Transcribe, word for word, all of the entries below, and exclude any pictures from the copy.
-- Opening Marker --
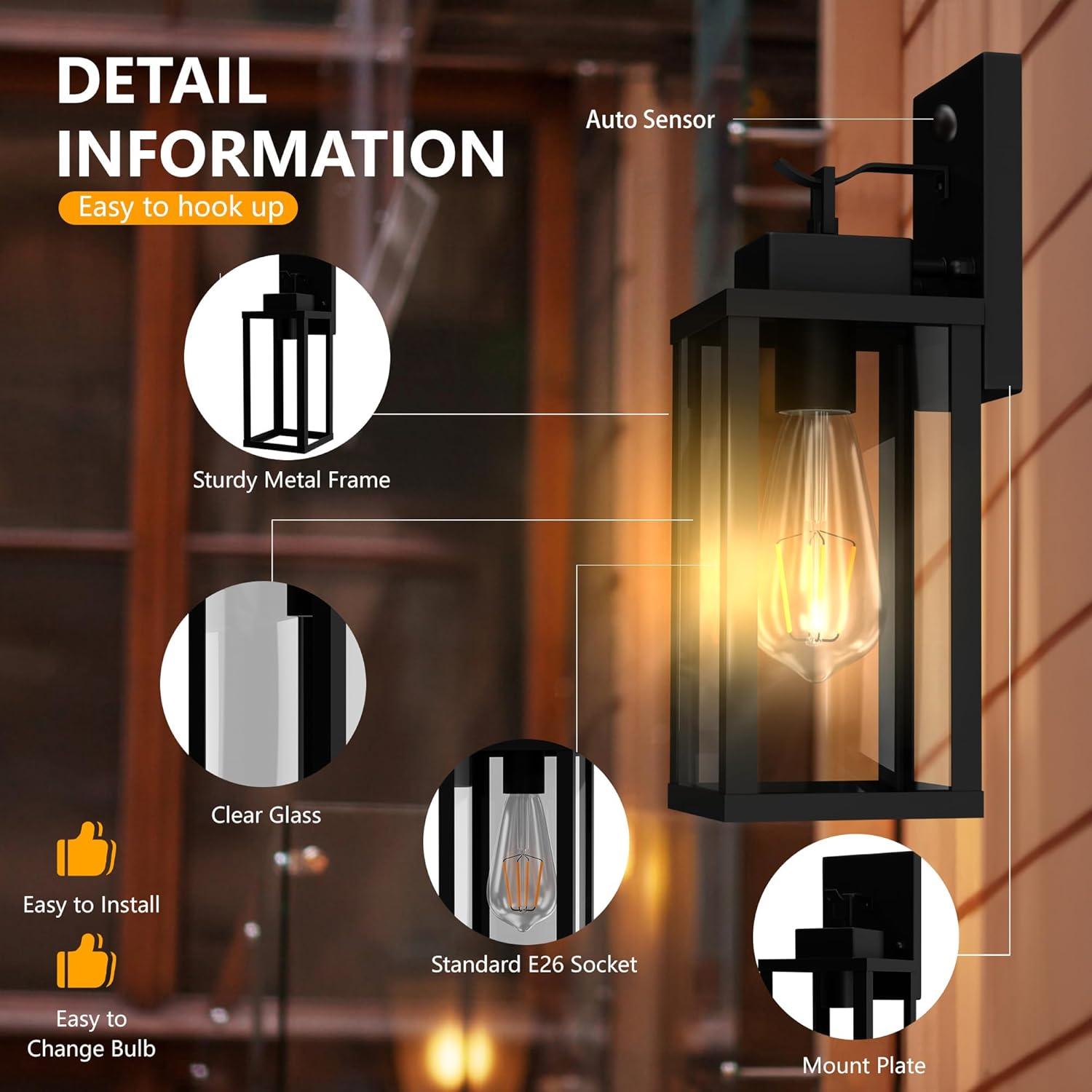 Lámpara de Pared Exterior Kainozoic con Sensor de Movimiento 37cm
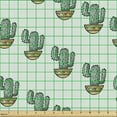 thumbnail image 2 of Ambesonne Botanical Fabric by the Yard Upholstery, Repetitive Cacti in Pots, 1 Yard, Camel and Laurel Green, 2 of 5
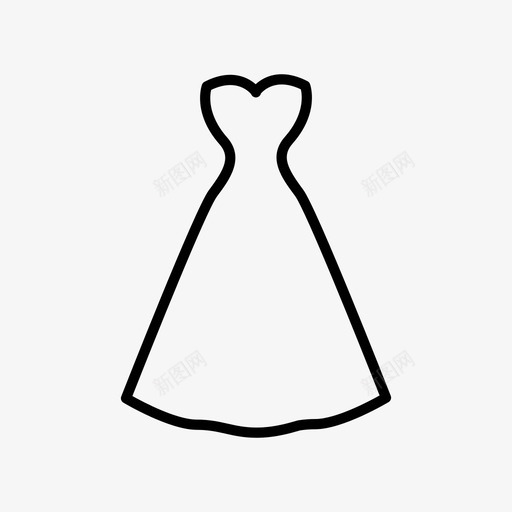 礼服漂亮庆祝图标svg_新图网 https://ixintu.com 女人 婚礼 小径 布料 庆祝 心形 派对 漂亮 礼服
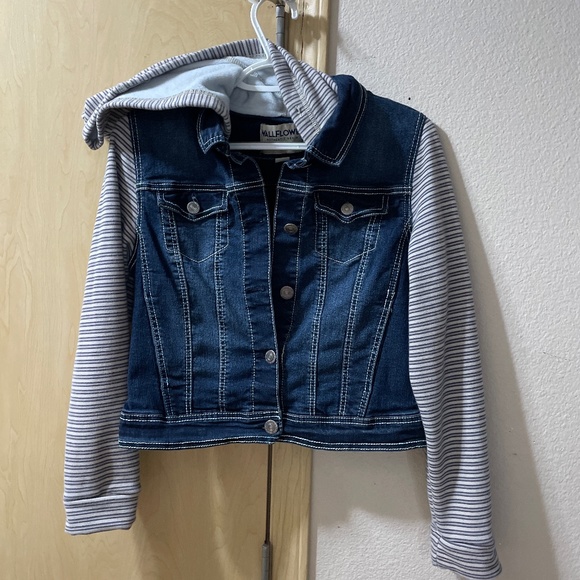 Wallflower Jackets & Blazers - Junior Large Women Small Wallflower Authentic Denim Jean Jacket Hoodie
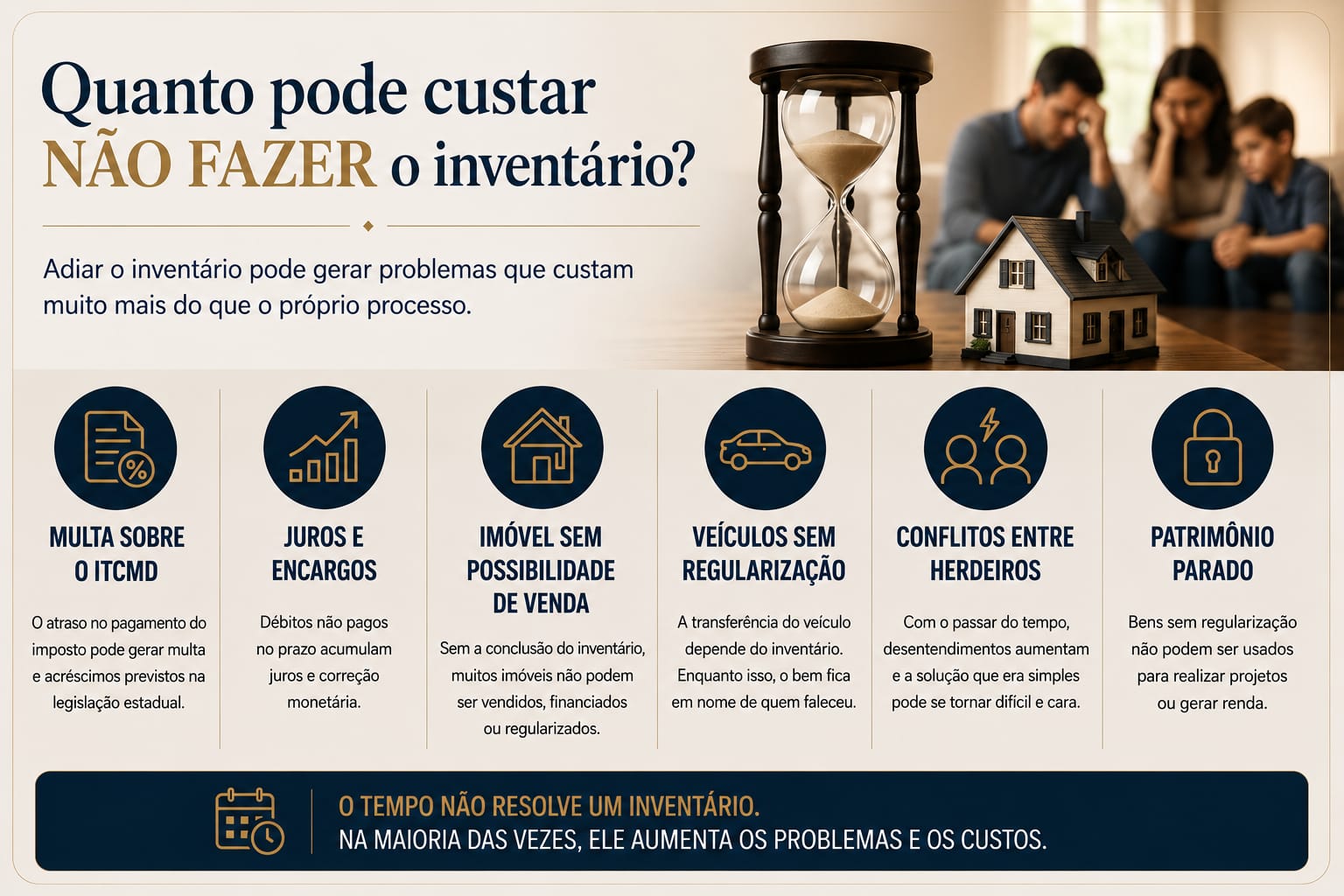 Infográfico "Quanto pode custar não fazer o inventário?", listando multa sobre o ITCMD, juros e encargos, imóvel sem possibilidade de venda, veículos sem regularização, conflitos entre herdeiros e patrimônio parado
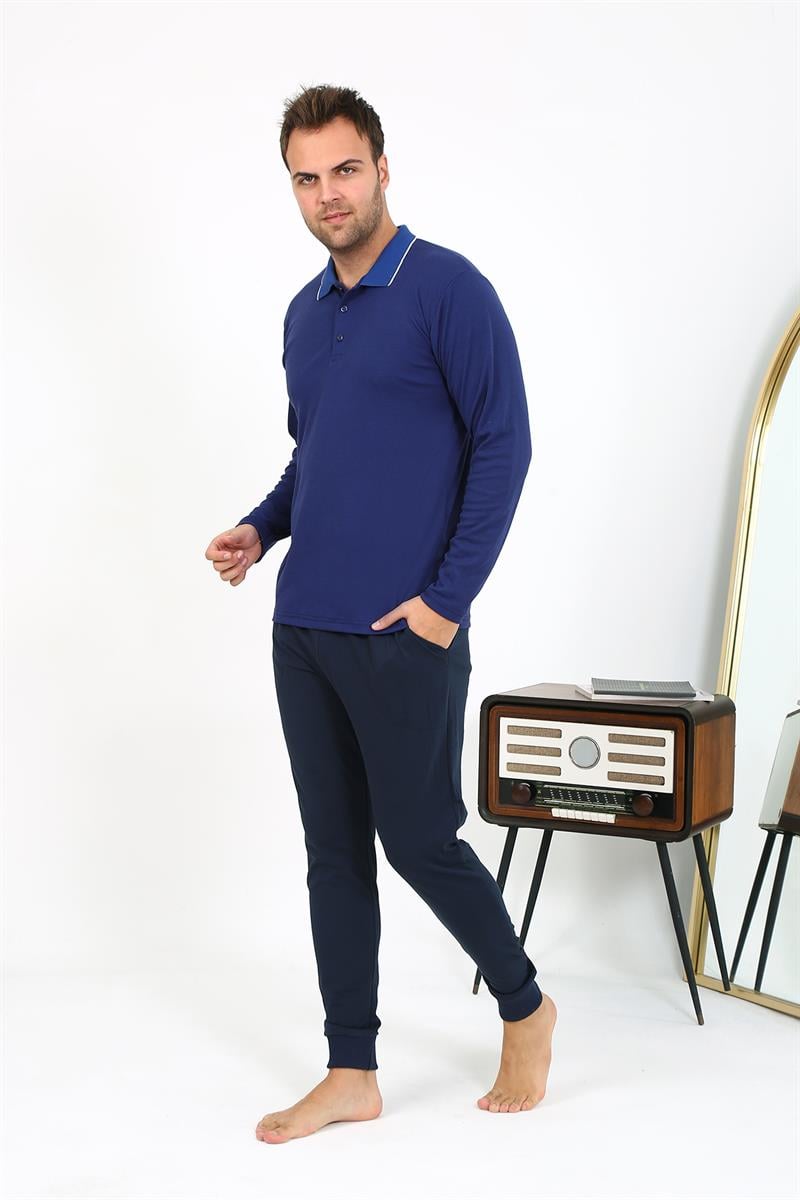 Akbeniz Erkek Polo Yaka Uzun Kol Penye Pijama Takımı Lacivert 6865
-- Closing Marker --
- [THE ANSWER]:
 Lámpara de Pared Exterior Kainozoic con Sensor de Movimiento 37cm
 thumbnail image 2 of Ambesonne Botanical Fabric by the Yard Upholstery, Repetitive Cacti in Pots, 1 Yard, Camel and Laurel Green, 2 of 5
 礼服漂亮庆祝图标svg_新图网 https://ixintu.com 女人 婚礼 小径 布料 庆祝 心形 派对 漂亮 礼服
 Wallflower Jackets & Blazers - Junior Large Women Small Wallflower Authentic Denim Jean Jacket Hoodie
 Infográfico "Quanto pode custar não fazer o inventário?", listando multa sobre o ITCMD, juros e encargos, imóvel sem possibilidade de venda, veículos sem regularização, conflitos entre herdeiros e patrimônio parado
 Akbeniz Erkek Polo Yaka Uzun Kol Penye Pijama Takımı Lacivert 6865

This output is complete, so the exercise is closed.